By: Indo-Asian News Service | New Delhi | Updated: August 10, 2014 12:33 pm
How about getting a rakhi that you can eat? Or how about making one by perfecting the art of quilling? This Raksha Bandhan, sisters are trying innovative ways to add the personal touch and thoughtfulness.
Delhi-based Roshni Chugh, is a chocolate maker. She realised that youngsters generally fiddle with their rakhi’s and take it off after some time. Hence, she thought of using chocolate in her rakhis to cater to a niche audience.
“It is fun to bring such changes in rakhis. One can just eat the chocolate after the day is over,” Chugh, the owner of GICEE chocolates said.
“These are very popular,” she added.
The chocolate rakhis come in a wide variety of flavours and are priced between Rs.100 and Rs.150.
Nisha Mehra, who also lives in Delhi, got the idea of starting her own small-time business of cookie rakhis when her cousin asked her to tie a cookie around his wrist so that he could eat it.
“It was then I realised it could be an exciting idea to starting something that is different,” Mehra said.
“I use a medium sized biscuit, immerse it into the chocolate syrup and sprinkle it with cashews. They can be kept for day if one wants to, but they are so irresistible that one can’t resist them,” she added.

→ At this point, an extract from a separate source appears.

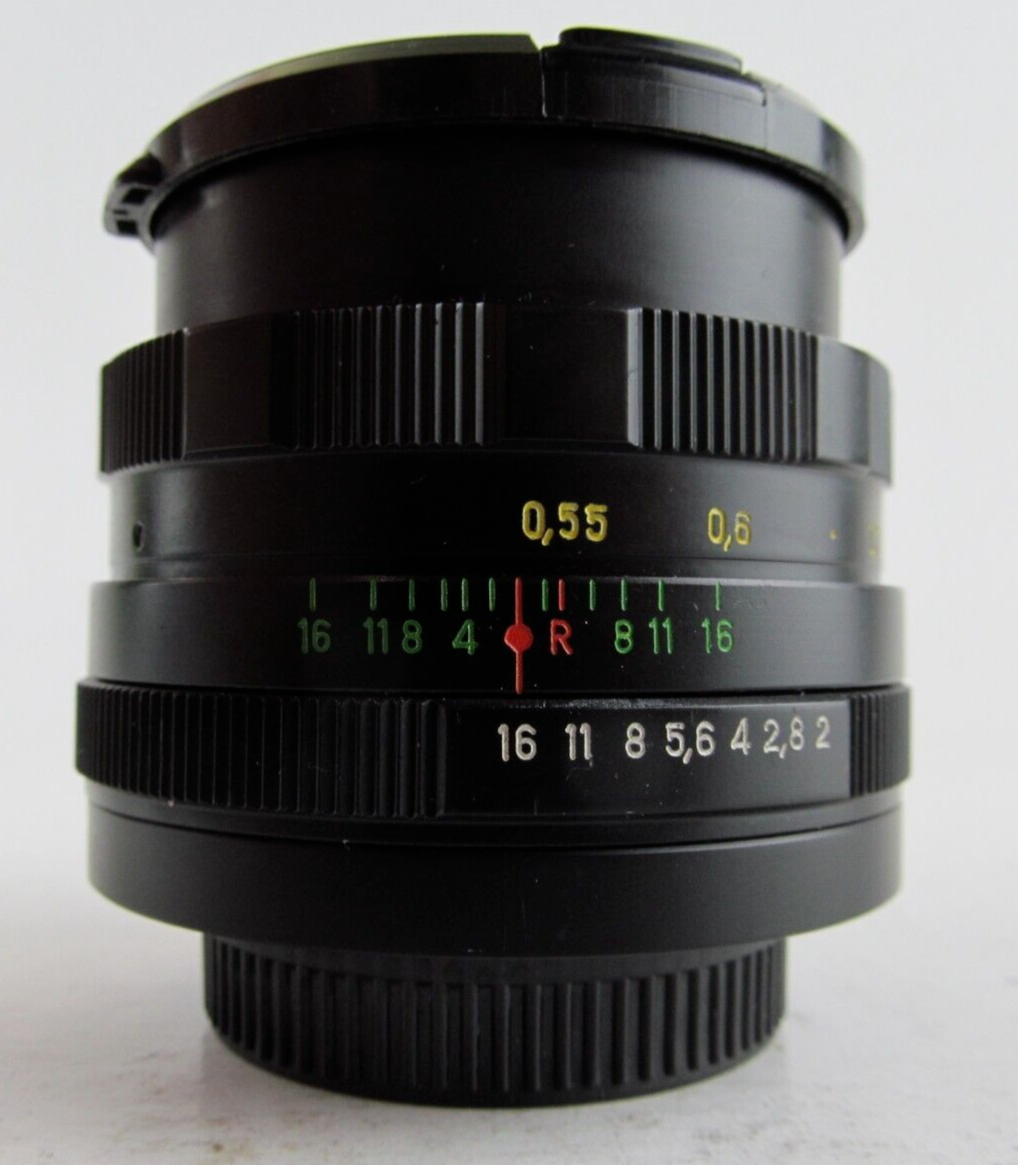 【希少】HELIOS 44M 58mm f2 M42 US Seller Helios 44m 58mm f2 Zenit Bokeh portrait Lens DSLR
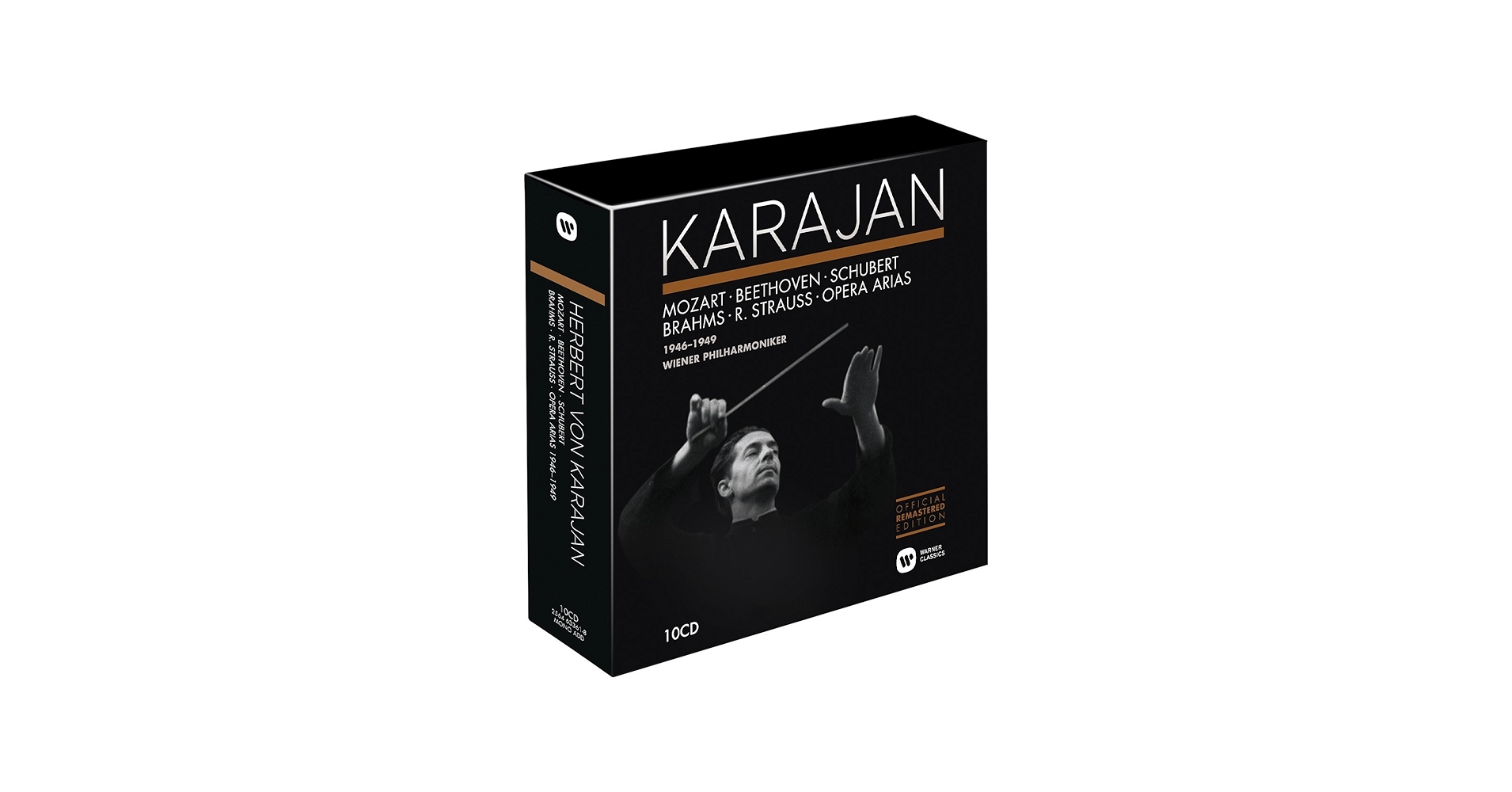 KARAJAN THE OPERA RECORDINGS ボックスセット Amazon.com: Karajan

While traditional rakhis have already flooded the markets, Suman Verma decided to do something different to make her brother feel special. She attended a workshop in the capital and learnt the technique of quilling.
“Quilling involves use of paper strips that are rolled, shaped and glued together to create decorative designs,” Nidhi Mahendroo, who conducts workshops said.
“People want to add the personal touch to the rakhi. So, I conduct this workshop every season as these rakhis are easy to make and look very beautiful,” she added.
Mahendroo had conducted one-day workshops in Vasant Vihar in south Delhi. She charged Rs. 600 per day.
Last, but not the least, is the “lumba” or “chura” rakhi.
This special rakhi strengthens the bond between the sister and sister-in-law, and are tied on the wrists of the latter.
These designs can be customised and one can choose from different colours of tussles.
“People design their own lumba rakhis using different colours of tussles,” said Manohar, a shopkeeper in Chandani Chowk.
“They mix and match several tussles together, using their favourite colours,” he added.
The cost of a self-designed lumba rakhi with a bangle ranges from Rs.250 Rs.500 while those without a bangle cost between Rs.50 and Rs.200.